Tony Dolphin, director of strategy at Henderson Global Investors, says: “The two most important effects of lower oil prices, if they are sustained, will be to boost spending power in non-oil producing countries and help lower inflation expectations.”

In the US, Mr Dolphin thinks the Federal Reserve will welcome cheaper oil because it will take the pressure off it to raise rates even as growth is already slowing.

In Europe and the UK, on the other hand, the boost to economic growth might be seen as adding fuel to the fire. “If anything, lower oil prices make it a little more likely that the European Central Bank and the Bank of England raise rates in coming months,” he adds. For most businesses, the oil majors excepted, the fall in the oil price is good news. That hasn’t passed unnoticed in the stock markets. Since the end of July, the share price of Royal Dutch Shell has slumped by 11pc, while that of British Airways, a big oil user, has risen by more than a quarter.

According to Andrew Milligan, global strategist at Standard Life Investments, if you were to strip out energy stocks, the S&P500 would now be safely higher than May’s peak. “The fall in the oil price is being priced in as we speak, but I don’t know if it’s fully priced in yet,” he said.

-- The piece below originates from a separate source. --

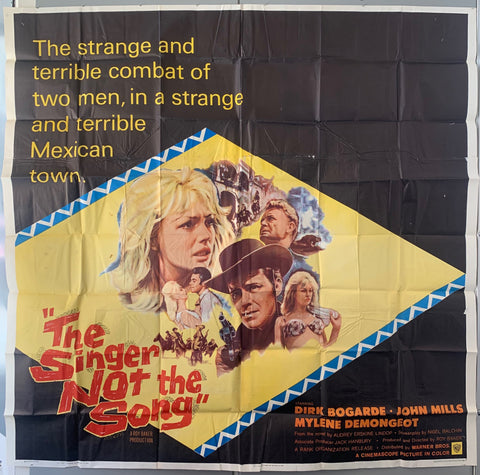 Link to  The Singer Not the SongU.S.A FILM, 1961  Product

Key to putting a floor under the price will be how OPEC responds to the slide. The oil producers’ cartel recently held back from cutting production to underpin the price but it left open the possibility that it would do so later in the year. It doesn’t want to see the price fall much further.

Adam Sieminski, chief energy economist at Deutsche Bank in New York, said: “Traders are going to push toward $55 and see what OPEC’s resolve looks like. Look for OPEC ministers to get serious about an emergency meeting and quota cuts.” They may not have to worry. The long-term factors driving the oil price higher have not gone away in the past six weeks.

Demand remains on a relentless upward path, driven by simple arithmetic. There are four times as many Chinese as Americans but each one uses on average only a tenth as much oil. There are 50 times as many cars per head of population in America than China. It will take time, but these differences will narrow.

The other side of the equation shows oil companies struggling to increase production or replace their reserves. Output from producing fields is shrinking at 8pc to 10pc a year. There has not been a serious oil find in 30 years and you don’t need to believe the gloomiest “peak oil” scenarios to accept that the world’s most accessible reserves have already been tapped.

There is no right price for oil, but the bar has been raised. In 2004, BP’s chief executive Lord Browne said $40 a barrel was unsustainable and the real value was $25-$27. What looks more likely now is that oil has found a new trading range, capped at $80 by the knock-on impact on the wider economy but underpinned near $60 by revenue-hungry OPEC producers.